À noter: la majorité des candidats sans proposition ne sont pas titulaires du baccalauréat (candidats ayant suivi une scolarité étrangère, candidats titulaires d’un diplôme de niveau IV...).

Le médiateur conseille les familles

-Tenir compte des conseils formulés par les acteurs de l’orientation dans les EPLE, les salons d’orientation, en classe, dans les CIO...

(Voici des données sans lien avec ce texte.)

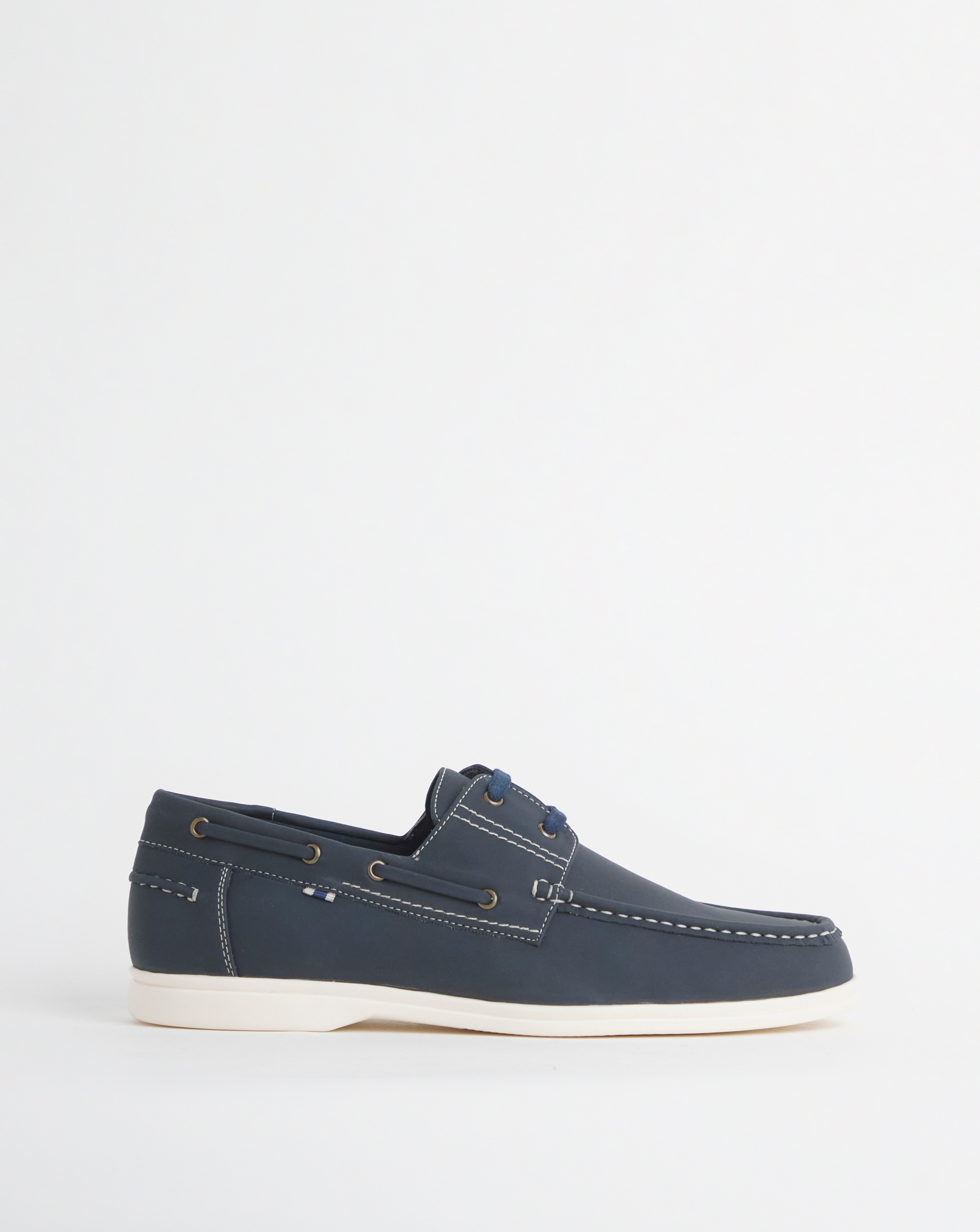 Leather Look Boat Shoe Wide Fit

-Penser à confirmer ses candidatures début avril, puis à classer ses choix avant fin mai ;
-Se renseigner sur les critères d’attribution d’une place pour un vœu exprimé dans une filière en tension ;

- Connaître les enjeux de la réponse normée «non mais» qui sous-entend que la proposition qui est faite est refusée de façon définitive. Cette proposition ne sera plus offerte, seuls les vœux exprimés et classés avant celui ayant donné lieu à cette proposition seront examinés ;

-Utiliser la procédure complémentaire d’APB en connaissance de cause car elle comporte des risques à mesurer, puisque seules les formations disposant de places vacantes après la procédure normale seront proposées ;

-Savoir qu’en cas de difficulté de janvier à fin septembre, la rubrique «contact» de l’application APB peut être utilisée et qu’il s’agit du premier moyen d’obtenir une réponse ou une solution à un obstacle, quelle que soit sa nature.

 

Le médiateur Claude Bisson-Vaivre © SH

Clarifier la procédure

Critères de tri, modalités d’entrées, recours au tirage au sort… Le médiateur recommande de sécuriser juridiquement toutes les procédures utilisées pour l’admission des bacheliers (primo-entrants ou non) dans l’enseignement supérieur : APB ne doit être que la traduction de la mise en œuvre d’une politique publique prévue par les textes, ni plus ni moins.

 

Un logiciel perfectible

Le médiateur propose des adaptations du logiciel visant par exemple à supprimer la réponse normée « non mais » qui facilite certes la gestion des flux mais impose aux usagers de renoncer à leurs choix antérieurs.
Autre vecteur de fluidification du système, le médiateur propose d’intégrer dans APB de nouvelles formations pour tendre à l’exhaustivité. Plus le nombre de filières intégrées et gérées dans APB sera important, plus la gestion des listes d’attente sera facilitée;
Le médiateur interroge enfin la responsabilité des établissements qui ne sont pas gérés dans APB : ils proposent qu’ils puissent renseigner dans le portail les résultats de leurs inscriptions avant la troisième phase de la fin de la procédure d’admission d’APB. Cela permettrait de prévenir les désistements de dernière minute et rendrait superflue la pratique du surbooking qui fait que certains candidats se retrouvent « désaffectés à la rentrée ».